The artifacts spanned Mesoamerica: Mayans, Mixtecs, Toltecs, Aztecs. At one point I got interested in these times and places and read dozens of books. The problem was, the histories were full of gloom and empty of celebration; the writers were either telling tragic stories of societal collapse and European oppression, or alternatively seemed to have come to dislike their subjects.

At Mexico’s Museo Nacional de Antropología

These figures do not seem the work of happy people.

At Mexico’s Museo Nacional de Antropología
· · ·
At Mexico’s Museo Nacional de Antropología

Casting my mind back, these are the two books that burn brightest in memory: Time Among the Maya: Travels in Belize, Guatemala, and Mexico, by Ronald Wright, and The Conquest of New Spain, by Bernal Díaz del Castillo, an eyewitness account of the fall of the Aztecs by one of Cortes’ henchmen. Both are astounding works; neither is happy.

The museum contained much that was impressive. The only things that made me smile were abstract decorations on earthenware, and finally, a scrap of cloth which had somehow survived since pre-Columbian times.

At Mexico’s Museo Nacional de Antropología
· · ·
At Mexico’s Museo Nacional de Antropología

This last seemed entirely a miracle to me; the weaving was very fine indeed, and I felt the work of a long-dead hand reaching to me cross the centuries more than in all the images of anguished gods and excruciated slaves.



Contributions

Comment feed for ongoing:Comments feed

From: Richard Wills (Aug 18 2011, at 06:32)

AZTEC by Gary Jennings - pub. 1980

A few weeks ago I found this interesting book at a local bookstore. It is a fictional work covering the end of the Aztec Empire from the perspective of an Aztec scholar.

I recommend it for the reader who wants a personall history of the catastrophe.

[link]

From: EricH (Aug 18 2011, at 10:25)

I dunno ... these critters from an archaeological museum in Oaxaca seem kinda cheerful:

http://www.flickr.com/photos/offby1/4464155272/

http://www.flickr.com/photos/offby1/4463377087/

[link]

From: Doug Cutting (Aug 18 2011, at 11:36)

I don't know that these figures were meant to express sadness. Maybe, maybe not.

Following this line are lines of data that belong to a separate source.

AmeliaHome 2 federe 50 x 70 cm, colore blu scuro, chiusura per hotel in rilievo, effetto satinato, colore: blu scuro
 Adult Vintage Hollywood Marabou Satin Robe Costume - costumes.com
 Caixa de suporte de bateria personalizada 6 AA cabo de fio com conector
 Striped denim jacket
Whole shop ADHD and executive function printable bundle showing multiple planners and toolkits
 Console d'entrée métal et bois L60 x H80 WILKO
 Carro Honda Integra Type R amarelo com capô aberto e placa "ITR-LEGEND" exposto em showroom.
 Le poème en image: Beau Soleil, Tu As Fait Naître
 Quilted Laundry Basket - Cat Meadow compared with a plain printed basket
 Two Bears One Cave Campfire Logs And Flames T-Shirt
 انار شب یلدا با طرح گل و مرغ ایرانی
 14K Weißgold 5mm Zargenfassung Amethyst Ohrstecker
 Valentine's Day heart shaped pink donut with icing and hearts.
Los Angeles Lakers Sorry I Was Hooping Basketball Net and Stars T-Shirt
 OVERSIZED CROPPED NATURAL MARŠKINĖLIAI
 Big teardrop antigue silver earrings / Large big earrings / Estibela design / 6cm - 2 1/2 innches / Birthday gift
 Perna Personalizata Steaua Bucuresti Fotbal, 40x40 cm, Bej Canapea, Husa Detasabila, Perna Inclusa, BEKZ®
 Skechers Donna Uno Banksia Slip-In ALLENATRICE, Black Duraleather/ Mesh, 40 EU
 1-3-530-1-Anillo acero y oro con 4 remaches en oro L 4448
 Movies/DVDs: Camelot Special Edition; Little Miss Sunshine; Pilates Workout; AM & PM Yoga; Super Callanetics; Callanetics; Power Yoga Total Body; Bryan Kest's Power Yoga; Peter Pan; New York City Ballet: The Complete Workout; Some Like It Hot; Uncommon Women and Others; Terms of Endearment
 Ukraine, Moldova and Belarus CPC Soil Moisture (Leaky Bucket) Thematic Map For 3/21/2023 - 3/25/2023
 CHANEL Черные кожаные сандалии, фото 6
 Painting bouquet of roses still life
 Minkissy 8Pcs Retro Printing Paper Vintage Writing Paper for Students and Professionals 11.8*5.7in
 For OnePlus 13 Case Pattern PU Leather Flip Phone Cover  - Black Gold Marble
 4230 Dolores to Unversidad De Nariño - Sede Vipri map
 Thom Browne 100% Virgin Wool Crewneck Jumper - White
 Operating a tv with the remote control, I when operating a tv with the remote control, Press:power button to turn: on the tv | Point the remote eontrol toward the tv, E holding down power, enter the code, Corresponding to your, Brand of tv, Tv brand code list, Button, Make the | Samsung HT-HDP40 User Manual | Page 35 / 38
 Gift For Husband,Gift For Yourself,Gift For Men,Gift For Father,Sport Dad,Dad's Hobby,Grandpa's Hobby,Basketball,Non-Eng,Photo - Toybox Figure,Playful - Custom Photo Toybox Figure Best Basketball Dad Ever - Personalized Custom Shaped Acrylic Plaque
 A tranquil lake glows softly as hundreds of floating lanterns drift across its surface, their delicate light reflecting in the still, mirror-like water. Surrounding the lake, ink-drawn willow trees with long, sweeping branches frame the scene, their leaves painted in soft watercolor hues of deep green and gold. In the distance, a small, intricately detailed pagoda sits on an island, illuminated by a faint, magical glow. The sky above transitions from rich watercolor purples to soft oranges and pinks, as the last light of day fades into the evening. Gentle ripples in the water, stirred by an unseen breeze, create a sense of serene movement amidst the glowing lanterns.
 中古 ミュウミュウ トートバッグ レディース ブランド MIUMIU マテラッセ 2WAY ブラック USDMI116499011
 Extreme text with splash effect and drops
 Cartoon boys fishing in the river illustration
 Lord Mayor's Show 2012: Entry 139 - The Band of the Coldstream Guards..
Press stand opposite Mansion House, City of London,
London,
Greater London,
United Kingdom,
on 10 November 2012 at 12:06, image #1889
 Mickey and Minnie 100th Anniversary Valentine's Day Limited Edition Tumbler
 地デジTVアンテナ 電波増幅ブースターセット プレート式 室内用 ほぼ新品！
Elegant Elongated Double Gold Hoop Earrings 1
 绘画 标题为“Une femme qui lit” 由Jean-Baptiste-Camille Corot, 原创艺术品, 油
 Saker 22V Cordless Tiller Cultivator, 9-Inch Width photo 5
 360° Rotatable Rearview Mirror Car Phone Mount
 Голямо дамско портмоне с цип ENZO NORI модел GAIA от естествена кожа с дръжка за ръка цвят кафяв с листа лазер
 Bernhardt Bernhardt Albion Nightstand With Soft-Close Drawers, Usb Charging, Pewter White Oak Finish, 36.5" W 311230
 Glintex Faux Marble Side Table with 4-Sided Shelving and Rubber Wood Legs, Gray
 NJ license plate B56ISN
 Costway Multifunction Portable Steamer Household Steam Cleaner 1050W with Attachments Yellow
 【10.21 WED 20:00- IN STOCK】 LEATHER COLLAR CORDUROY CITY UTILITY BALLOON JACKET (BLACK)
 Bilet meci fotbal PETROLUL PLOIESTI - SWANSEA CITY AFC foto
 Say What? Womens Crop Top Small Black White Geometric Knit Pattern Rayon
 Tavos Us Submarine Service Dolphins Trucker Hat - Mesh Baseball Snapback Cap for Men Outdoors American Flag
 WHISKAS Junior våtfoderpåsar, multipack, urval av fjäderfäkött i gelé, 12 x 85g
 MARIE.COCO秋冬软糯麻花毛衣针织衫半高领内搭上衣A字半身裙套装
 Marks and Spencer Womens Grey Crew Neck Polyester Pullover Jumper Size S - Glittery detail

If you're still in Mexico, don't miss Diego Rivera's "Man, Controller of the Universe" at the Palacio de Bellas Artes.

[link]

From: Tim Hodgson (Aug 18 2011, at 13:17)

Tim, linking this and the recent SF thread, you might enjoy Ronald Wright's 'A Scientific Romance', a Wellesian time-travel story set in present and future Britain. His description of the ruins of Canary Wharf is quite memorable!

[link]

From: len (Aug 19 2011, at 18:54)

The world's greatest farmers in their time (particularly compared to the Europeans) and consistently civilization after civilization, they sacrificed enemies and let blood? Why?

I am amazed at what persists for millenia, blood letting, the means by which culture does that and what seems so hard to keep by the same means: peace.